Didcot (19th C: Dudcott or Dudcote) is a town and civil parish about 10 miles south of Oxford. It was in Berkshire for centuries until the county boundary changes of 1974 moved it into Oxfordshire.
The Great Western Railway reached Didcot in 1839, chiefly because Lord Wantage would not sell land to the railway company, and thus obliged the London-to-Bristol line to take a northerly diversion. A proposed railway link with Oxford was opposed by the university, which thought it would lead undergraduates to debauchery in London. Hence the mainline went through Didcot, offending neither dons nor landowners.
Didcot station (which burnt down in the later nineteenth century) opened in 1840, and a branch line to Oxford was nonetheless laid down in 1844.
In 1882 the Didcot, Newbury and Southampton railway (DNS) was completed (at least as far south as Winchester, beyond which it never progressed), making Didcot an important railway crossroads. On account of this the town achieved strategic importance during the two world wars. Army and RAF ordnance depots were built on the site of what later became the power station.
The DN&S line closed in the 1960s, and the military depots became the power station and Milton Business Park.
Didcot Power Station, a 2,000 megawatt coal-fired station with a 650ft chimney and six 325ft cooling towers (and which is in fact in the parish of Sutton Courtenay) was voted the third worst eyesore in Britain by Country Life magazine. It has now been decommissioned and partly dismantled.
Local place names
Didcot was known as Dudcott or Dudcote until the mid-nineteenth century. Northbourne was also known as North Hagbourne.
Other local names were Copse Lane, Lydall Lane, Parsonage Pen, Tubbeney Cottage, Bowyers, Wights and Ladygrove Farm.
Size
1,120 acres (453 hectares)
Population
241 in 1851; 25,140 in 2011
Hundred
Moreton
Poor law union
Wallingford
Registration district
Wallingford
Present-day local authority
South Oxfordshire (of which Didcot is the principal town)
Grid reference
SU 52 90
Adjoining parishes in nineteenth century
Genealogical resources
Didcot’s earliest parish register went missing in the nineteenth century, but was fortunately recovered when it turned up for sale.
No records survive for Didcot St Frideswide.
For Didcot St Peter see East and West Hagbourne.
See Berks FHS Books for coverage of this parish in the society’s range of CDs.
See also Berkshire Record Office holdings.
Published local history
- Around Didcot and the Hagbournes (Sutton Publishing)
- Changing face Of Didcot a photographic record * (Didcot & District Archaeological & Historical Soc, 1977)

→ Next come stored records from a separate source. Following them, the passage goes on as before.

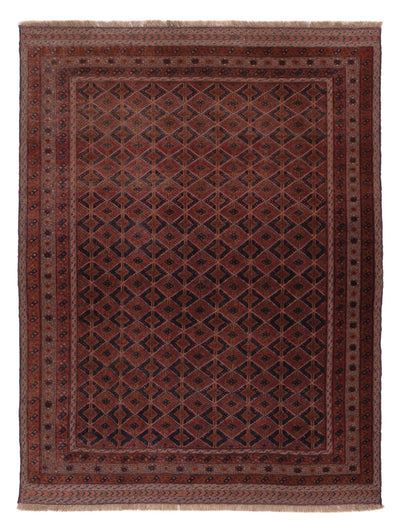 Kilim afgano Alfombra 150x193cm
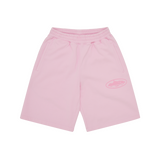 ISLAND KNOCKOUT SWEATSHORT [PINK]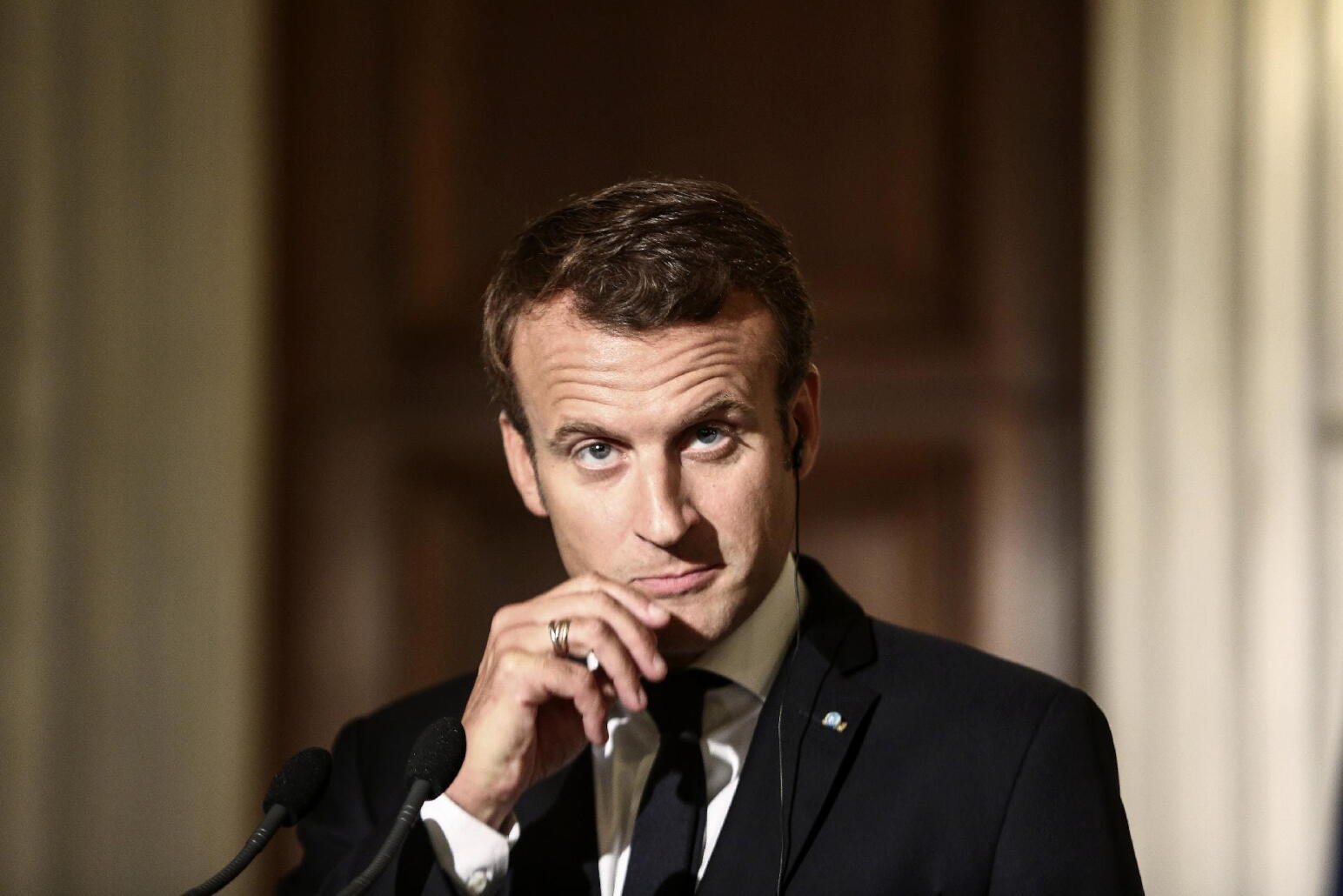 Démacronisation : la politique mirage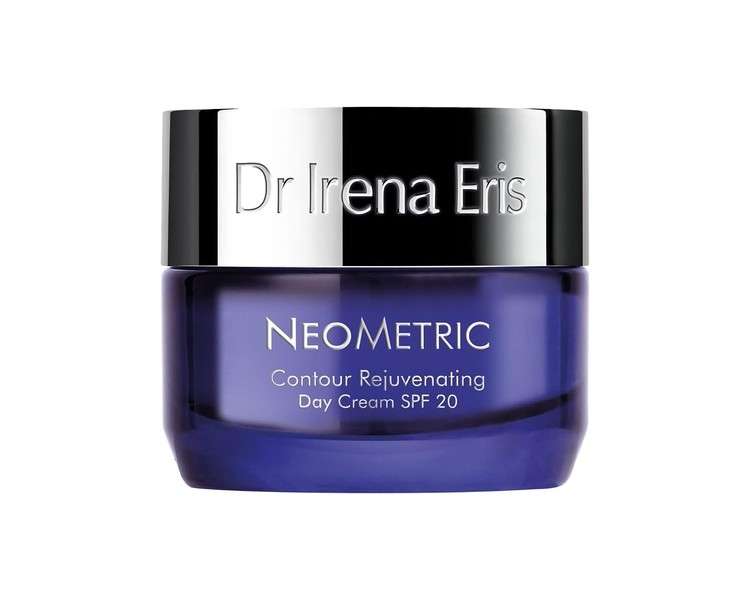 Dr Irena Eris Neometric Contour Rejuvenating Day Cream SPF 20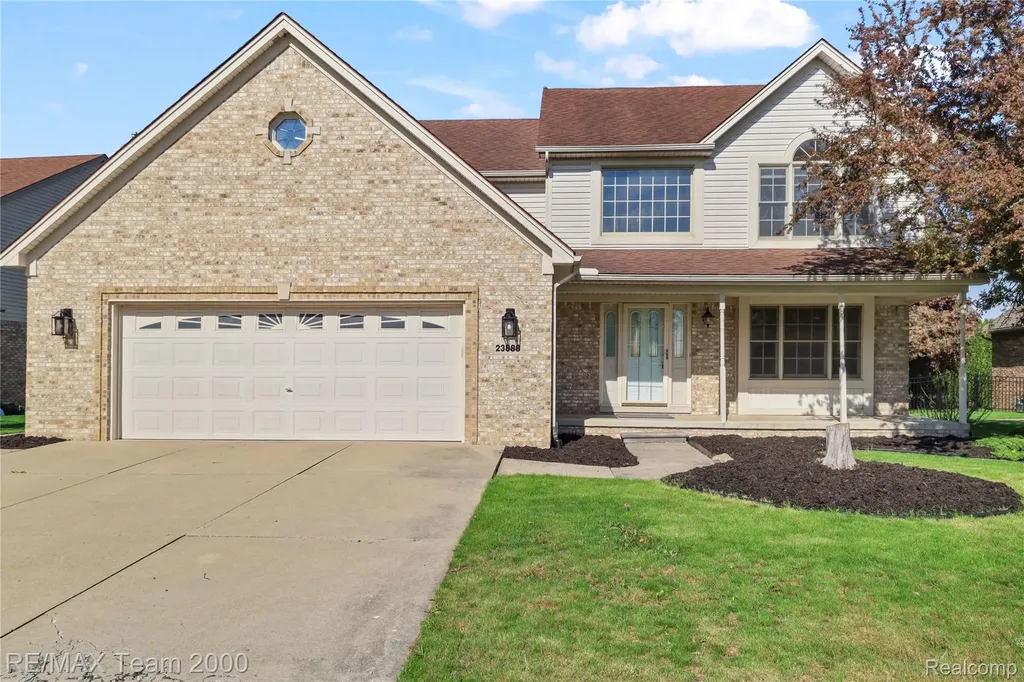 23888 Leighwood Drive Woodhaven City MI 48183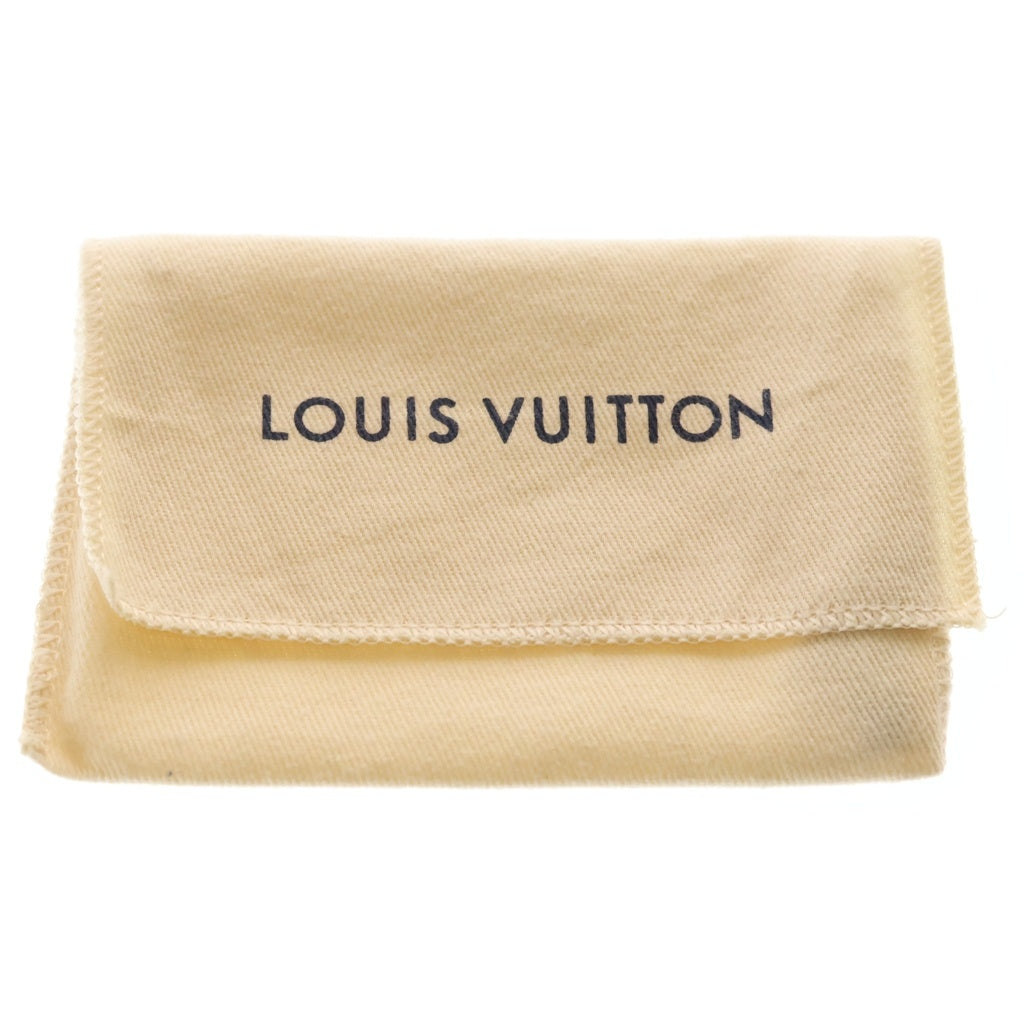 LOUIS VUITTON(ルイヴィトン) モノグラムキャンバス ポルトカルトサーンプル カードケース 名刺入れ ブラウン シマウマ M11448 レディース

- Didcot documents vol 1: wills and inventories 1530 – 1851
- Didcot: the long years of obscurity to 1841*
- Poor struggling little town: history of Didcot 1918 -45*
- The railway comes to Didcot*
- Didcot and the Hagbournes in old photographs*
- Didcot and villages*
- Didcot All Saints monumental inscriptions*
- Didcot parish registers
- Didcot’s heroes remembered
- People of Didcot (Temus Publishing)
- Upton monumental inscriptions
Links
Anglican church and parochial organisation
Didcot is a rectory in the archdeaconry of Berkshire and diocese of Oxford. Until 1868 its only church was the twelfth-century church of All Saints.
Building of a new church, St Peter’s, began in 1889 and served the newly formed separate parish of St Peter’s Northbourne in 1916. Work on a new church nearer to the middle of the parish began in 1976. The old St Peter’s Northbourne was deconsecrated, and the new St Peter’s Didcot consecrated in 1977.
Other churches
A Wesleyan chapel (on the Wantage circuit) was established by 1854. Primitive Methodists and Baptist followed. There was a Catholic church by 1934.

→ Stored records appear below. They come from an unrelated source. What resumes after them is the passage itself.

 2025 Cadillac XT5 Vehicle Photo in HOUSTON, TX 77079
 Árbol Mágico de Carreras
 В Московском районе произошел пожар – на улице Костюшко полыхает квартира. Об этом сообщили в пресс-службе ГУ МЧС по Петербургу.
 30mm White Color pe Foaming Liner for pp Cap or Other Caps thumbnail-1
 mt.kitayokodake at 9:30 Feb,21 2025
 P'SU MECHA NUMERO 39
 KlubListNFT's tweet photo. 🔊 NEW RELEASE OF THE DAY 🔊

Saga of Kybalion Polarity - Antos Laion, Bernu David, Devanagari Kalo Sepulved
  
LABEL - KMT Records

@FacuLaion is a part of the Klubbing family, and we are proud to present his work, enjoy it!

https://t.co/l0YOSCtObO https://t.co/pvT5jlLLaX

Churches Together in Didcot and District serves about a dozen local churches of several denominations.
Schools
There was a National school at Didcot by 1847, in the old Rectory Cottages in Lydall’s Road, and a new school was built in 1854, as described in the contemporary extract above. This was replaced in 1896 by Manor School, which still exists.
With the rapid increase in population another school was built in 1877 in Church Street, Northbourne, and demolished in the 1970s.
In 1962 a new school was built in Cockcroft Road.
Didcot Senior Mixed school opened in the late 1931 and the Senior Boys’ School in Hagbourne Field in 1935.
Didcot is today served by several schools, details of which can be seen here.
Pubs
The Rail Hotel and White Hart were enumerated in the 1851 census.
There are a good many more today, such as the Wheatsheaf, pictured below.
photo Colin Bates [CC-BY-SA-2.0 (http://creativecommons.org/licenses/by-sa/2.0)], via Wikimedia Commons
Other local history
13 railway employees were enumerated in the 1851 census, presaging a rapid population increase. Northbourne was built in 1868 for railway workers.
The Didcot Railway Centre houses a collection of Great Western Railway steam engines, coaches, wagons, buildings and small relics, and a recreation of Brunel’s broad gauge railway.